Campaigners slam Gap & Walmart's sham safety plan
10 July 2013
Today, a new safety plan proposed and backed by Gap and Walmart was unveiled in the US in the wake of the Rana Plaza disaster in Bangladesh in April which killed over 1,100 people, mainly female garment workers. The plan, called the "Alliance for Bangladesh Worker Safety" is proposed as an alternative to the Bangladesh Safety Accord - a comprehensive, legally binding, life saving agreement already signed by over 70 major brands and retailers.
Responding to today's announcement, Murray Worthy, sweatshops campaigner at War on Want said:
“Gap and Walmart’s safety plan is a sham which won’t make factories safe and only serves to undermine the Bangladesh Safety Accord, already signed by over 70 major brands and retailers.
“Their plan is full of flaws; the results of the audits won’t be made public, so they can’t be verified, the plan isn’t legally binding, so there is not guarantee anything will actually change, and the plan excludes trade unions, the representatives of workers who need to be at the heart of any plan to make factories safe.
“This is just more of the same corporate-dominated voluntary measures that were so clearly proven to have failed in the Rana Plaza disaster, claiming the lives of over 1,100 people.
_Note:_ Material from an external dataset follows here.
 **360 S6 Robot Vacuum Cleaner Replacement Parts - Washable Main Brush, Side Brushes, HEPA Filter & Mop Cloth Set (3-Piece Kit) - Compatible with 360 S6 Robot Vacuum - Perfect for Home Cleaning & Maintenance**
Gap, Walmart and the other brands behind the Alliance must scrap this expensive PR stunt and join the rest of the clothing industry in signing the comprehensive, legally binding and life-saving Bangladesh Safety Accord.”
Key flaws of the plan include:
- Details of audits will only be made available to a hand-picked NGO, rather than being made available for public scrutiny and verification
- The Alliance describes itself as ‘binding’ but unlike the Accord it is not legally binding in court.
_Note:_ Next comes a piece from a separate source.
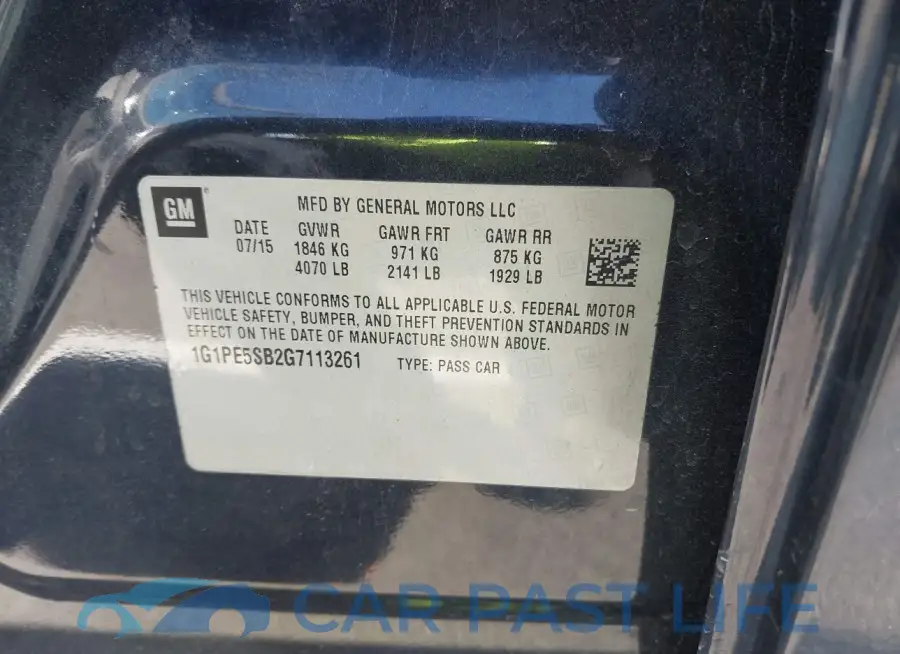 1G1PE5SB2G7113261# 9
- The Alliance requires two thirds of the board to support action against any member company for noncompliance, however with four of the nine board members being allocated to companies this would require half of them to vote in favour of taking action against other companies. By contrast the board of the Bangladesh Safety Accord is made up of half corporate members and half by trade unions and votes by simple majority.
- The Alliance relies on ‘worker committees’ in factories, which undermine workers’ rights to join trade unions and do not fulfil workers’ right to organise, and totally excludes trade unions from the project.